* _EXERCISE DATA_:
=-=-=-=-=

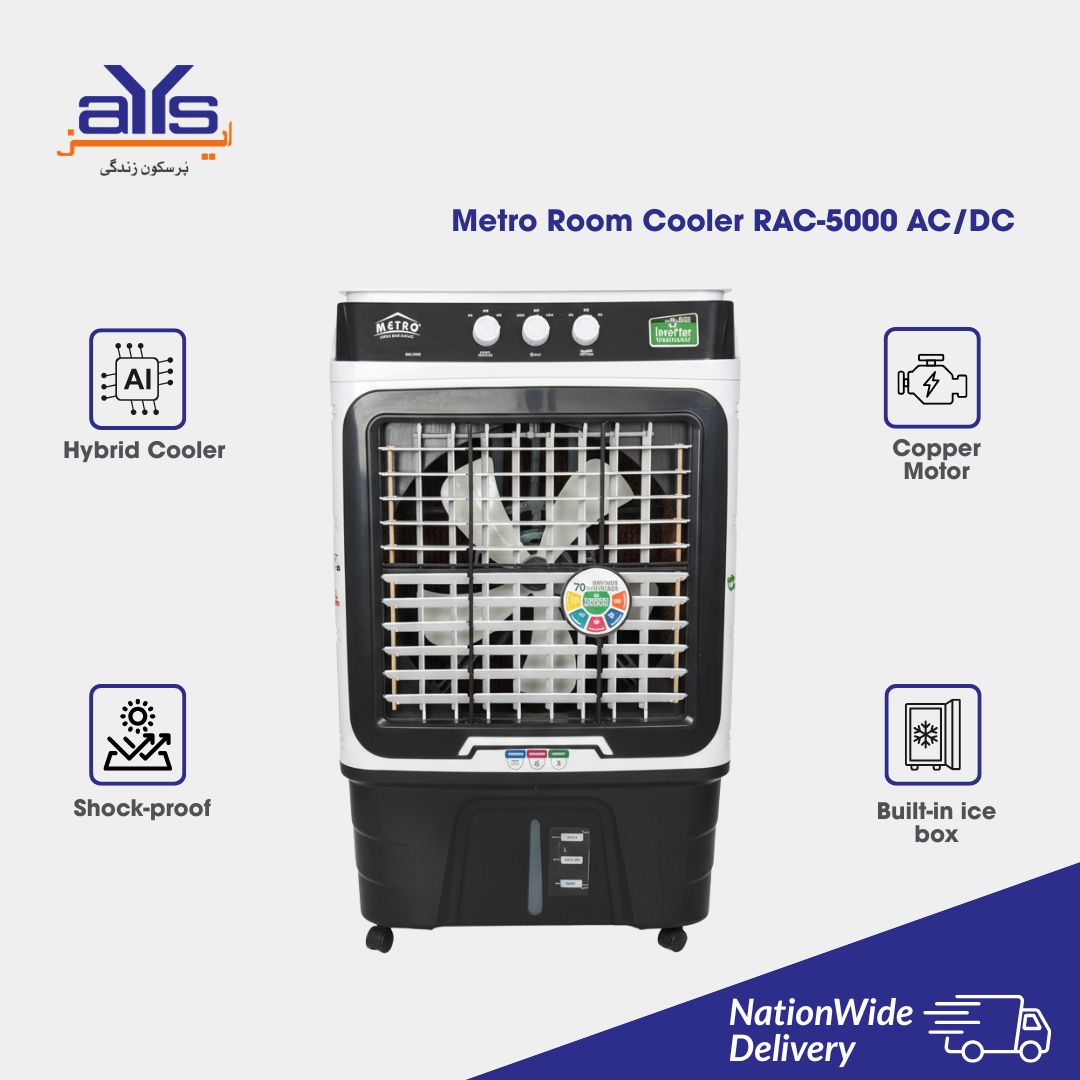 Metro Electric Room Cooler RAC-5000 AC/DC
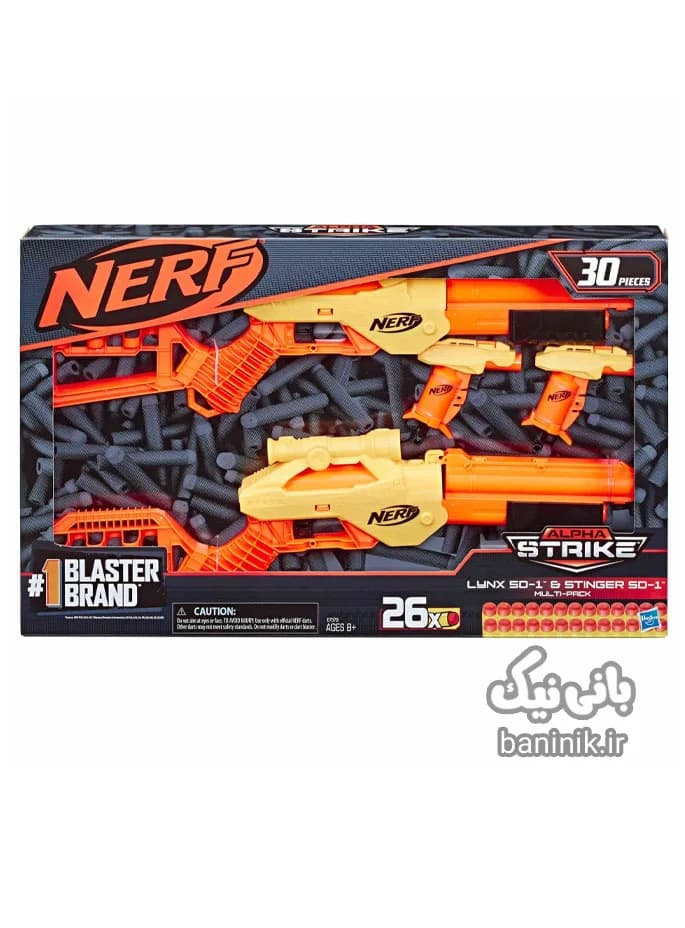 پک 4 تایی تفنگ های نرف Nerf E7579|Alpha Strike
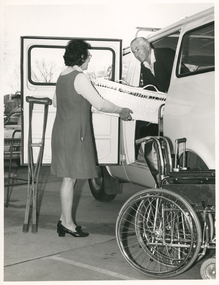 Equipment being loaded into the Royal District Nursing Service Commission Van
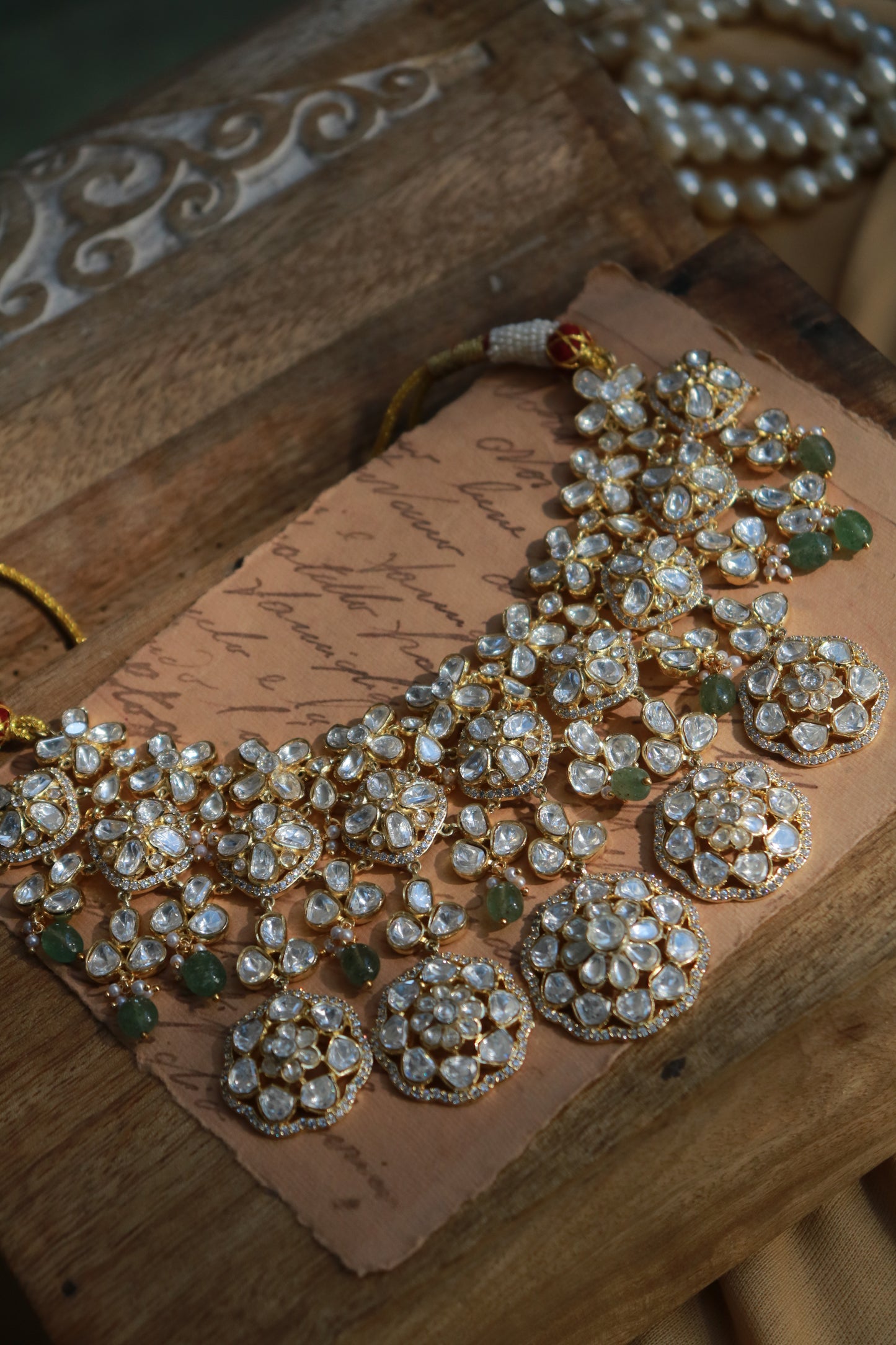 Zimal Polki Necklace Set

=-=-=-=-=

* _TASK BRIEF_: Only the lines from the one containing "Equipment being loaded" through the last line of the material are to be restated word for word; no picture is to be included.

* _EXPECTED ANSWER_:
 Equipment being loaded into the Royal District Nursing Service Commission Van
 Zimal Polki Necklace Set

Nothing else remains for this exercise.